Book I’m in the midst of: I'm actually in the middle of two. Revolutionary Road by Yates and God in the Dock by Lewis. I can read two books at a time if one's fiction and one's along the lines of my work. I can't read two at a time if they're of the same category...like two fiction or two work related. For some reason that just doesn't work for me.

Music that seemed to catch my attention this past week: I got this new free ringtone maker and have been listening to songs that remind me of friends so the songs are all over the map. Hip-hop for most of my teenage students, glam rock for others, UB40, Ramones, Stones, Velvet Underground. It's really eclectic this week.

Next trip: Vegas with my smokin' hot trophy wife in three weeks.
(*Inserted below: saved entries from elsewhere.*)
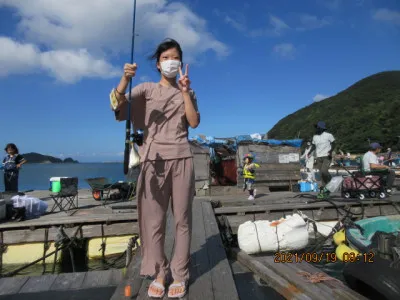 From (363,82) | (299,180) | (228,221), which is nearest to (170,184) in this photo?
(228,221)

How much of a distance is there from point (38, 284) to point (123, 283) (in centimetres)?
139

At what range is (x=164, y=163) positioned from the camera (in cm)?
266

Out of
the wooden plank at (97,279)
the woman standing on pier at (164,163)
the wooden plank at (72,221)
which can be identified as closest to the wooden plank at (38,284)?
the wooden plank at (97,279)

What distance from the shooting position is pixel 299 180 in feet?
48.5

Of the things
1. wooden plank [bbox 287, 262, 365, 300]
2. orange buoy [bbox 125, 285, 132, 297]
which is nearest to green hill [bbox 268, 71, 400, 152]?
wooden plank [bbox 287, 262, 365, 300]

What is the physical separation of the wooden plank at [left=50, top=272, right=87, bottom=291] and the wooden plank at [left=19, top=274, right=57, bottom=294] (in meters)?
0.06

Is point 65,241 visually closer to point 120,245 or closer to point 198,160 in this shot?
point 120,245

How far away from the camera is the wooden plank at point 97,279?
357 cm

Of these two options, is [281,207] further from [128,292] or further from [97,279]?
[128,292]

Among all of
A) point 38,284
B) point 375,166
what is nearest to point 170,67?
point 38,284

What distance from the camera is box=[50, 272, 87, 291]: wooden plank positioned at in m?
3.54

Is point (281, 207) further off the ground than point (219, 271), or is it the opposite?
point (219, 271)

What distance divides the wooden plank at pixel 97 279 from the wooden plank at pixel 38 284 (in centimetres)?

How I’m feeling about this week: I've mentioned before about the undertoad. It's a reference that author John Irving used in The World According to Garp. See, Garp, as a child, misunderstood his parents on a trip to the ocean when they warned him not to go in the water because of the undertow. He thought they said "Undertoad" and had a visual of a frog underneath the water that would grab him. He kept that phrase as an adult to describe when he had a sense of apprehension even though things looked calm on the surface. Well things look calm on the surface to me, but my internal radar has issued an Undertoad Warning.

Sunday, January 25, 2009

Home Remedies & Near Death Experiences

Last night, my smokin' hot shutterbug trophy wife and I had dinner with friends. One of those deals where we'd been meaning to get together for months with this particular couple and weekends never balanced out. The planets finally aligned and I'm glad we did it.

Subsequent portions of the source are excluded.